I didn't have a choice, had to take the pension,
but, if I could have taken the Lump, I would not have been able
to invest it and get as much out each year that I now get from the
pension.
That's why it's a tough decision - you generally cannot get as much
out each month as you would with the pension.
However, with the Lump, you don't have to worry about your pension
going broke.
A way to prove my point, is to go to Vanguard and go thru the screens
to give you an Immediate Annuity. Use the amount of the pension per month,
and it will tell you how much it costs to buy the annuity. That cost is the value
of your Lump (sometimes your company won't tell you what your pension is
worth in a Lump sum format). If your company is giving you less than that,
then you're getting cheated and are better off with the monthly pension.
Neither hubby or I were allowed to take the lump sum but we're certainly not complaining. Our state pensions are fairly substantial and guaranteed not to fall less than the amount at which we retired.

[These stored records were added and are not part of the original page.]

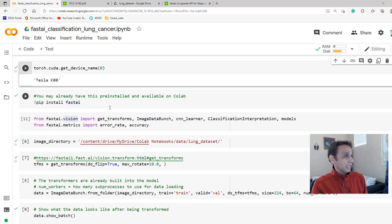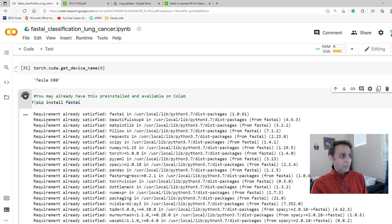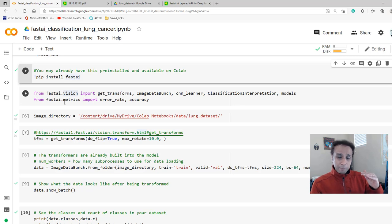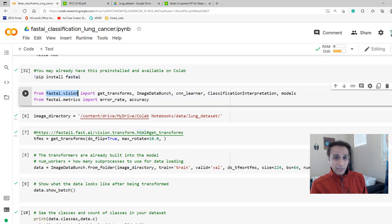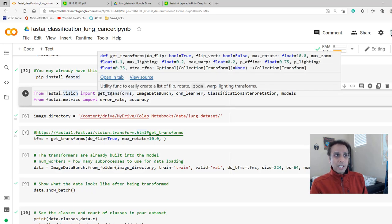Fast AI is already installed on Colab, so it probably says requirement already satisfied. Now from fastai.vision I'm importing specific methods: get_transforms for image augmentation, image_data_bunch to prepare data for the model, cnn_learner to create the model, classification_interpretation to study model predictions, and models which contains backbone architectures for transfer learning.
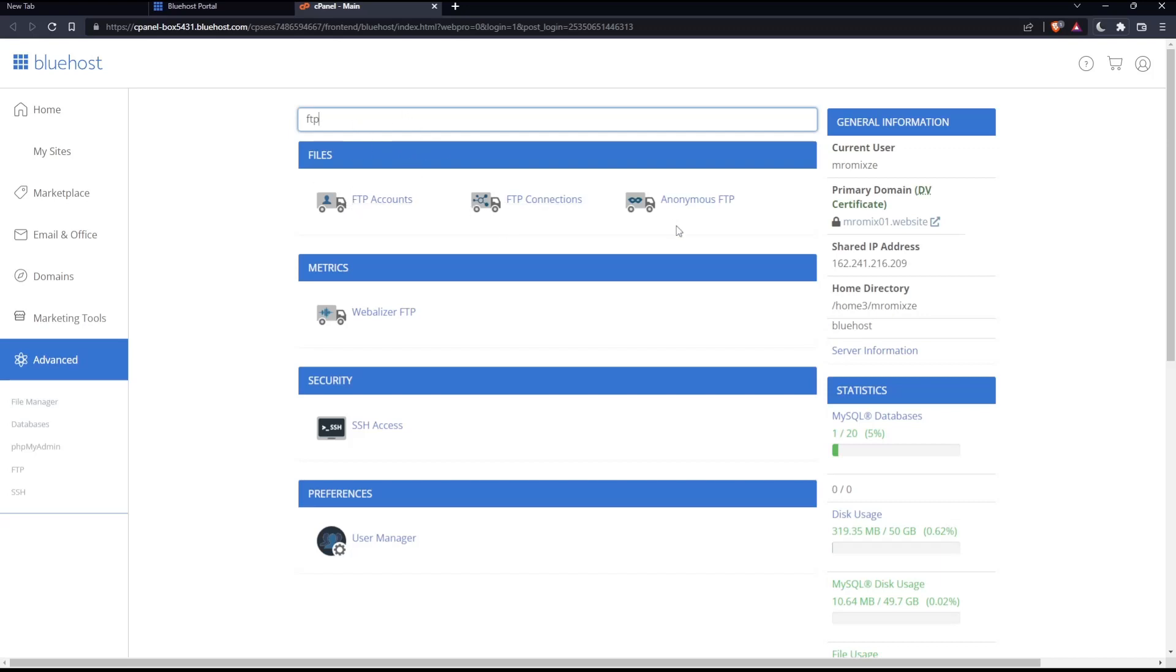FTP connections, anonymous FTP, Webalizer FTP, SSH access, and users manager. What we care about is just clicking on FTP account.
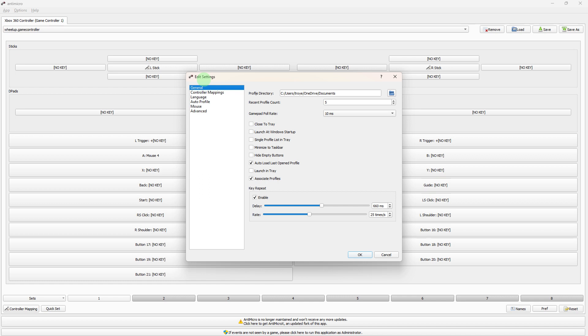Experiment with different configurations to find what works best for you. Explore Antimicro's documentation or online tutorials for more advanced features and tips. Join online communities or forums to seek help from experienced users if you encounter any issues or have questions.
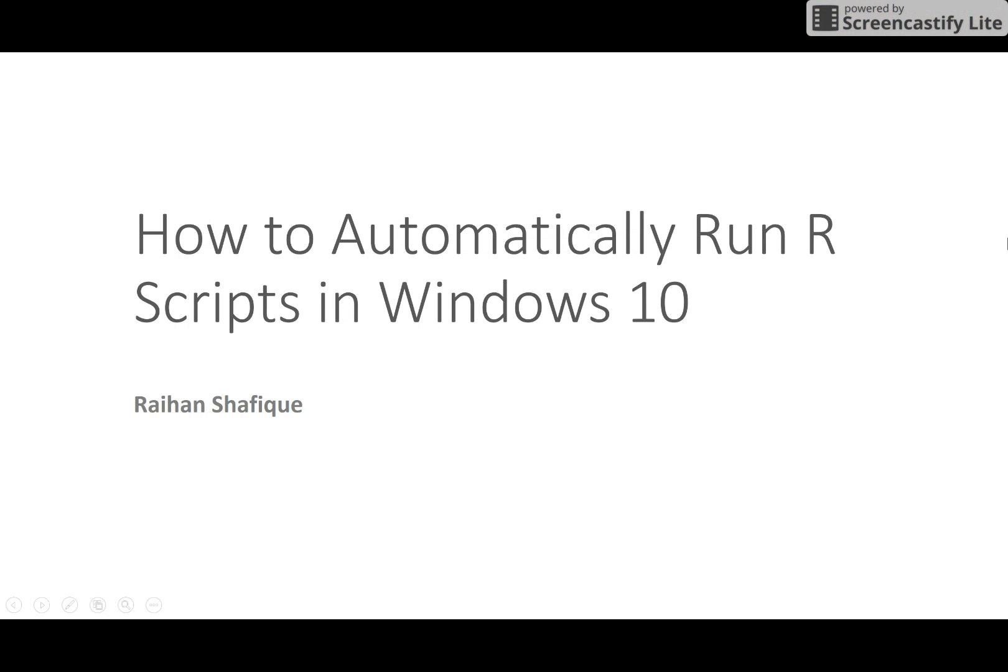All right everyone, today's video is about how to make something automated using R and Windows Task Scheduler. For example, if you want to run an R code daily or weekly at a certain time, you want to tell Windows that, okay, do this automatically.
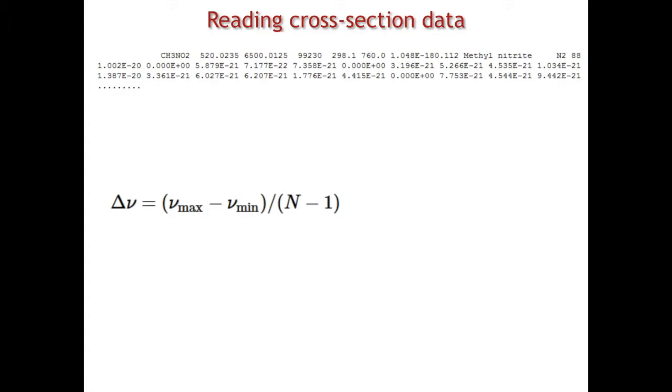You can see that the wavenumbers are not actually provided here. The cross-sections are given in a sequential manner, but you can read them knowing you can start with a minimum wavenumber and follow in this step. Let me show you the example.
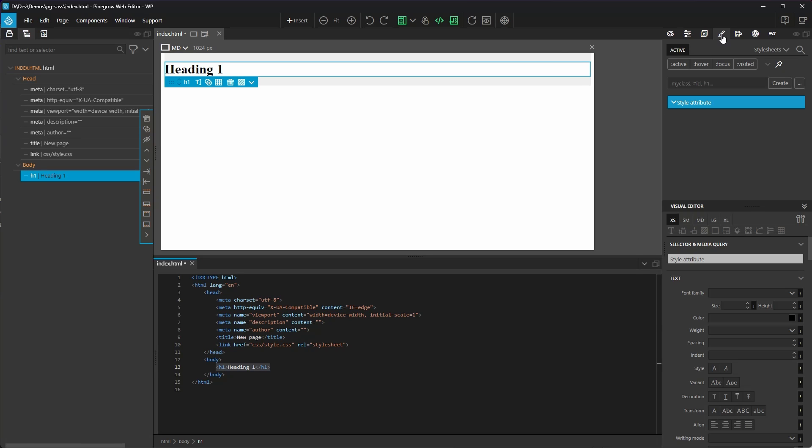Now here's where the SASS magic happens. Over in our style panel, this is where we would typically go to do anything related to SASS, like managing our stylesheets, adding classes, modifying attributes, etc.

And we could retire as early as 53. DH did just that while I technically retired at 50.
We also contributed 7.5% or our salary to our pensions each yr with a 7.5% match from our employer. (state law)
Strangely, now that I can walk out anytime I feel less reason to
actually do so, since my only previous source of stress was fear of being
laid off and not finding a new job, which has happened to several friends
in IT.
This is a little OT, but the foregoing statement resonated pretty soundly with me. I think this is the biggest source of stress for many people, including those who LBYM. The LBYM-types wouldn't necessarily be stressed out by the lack of a job, but rather by the effect such a situation would have on FIRE.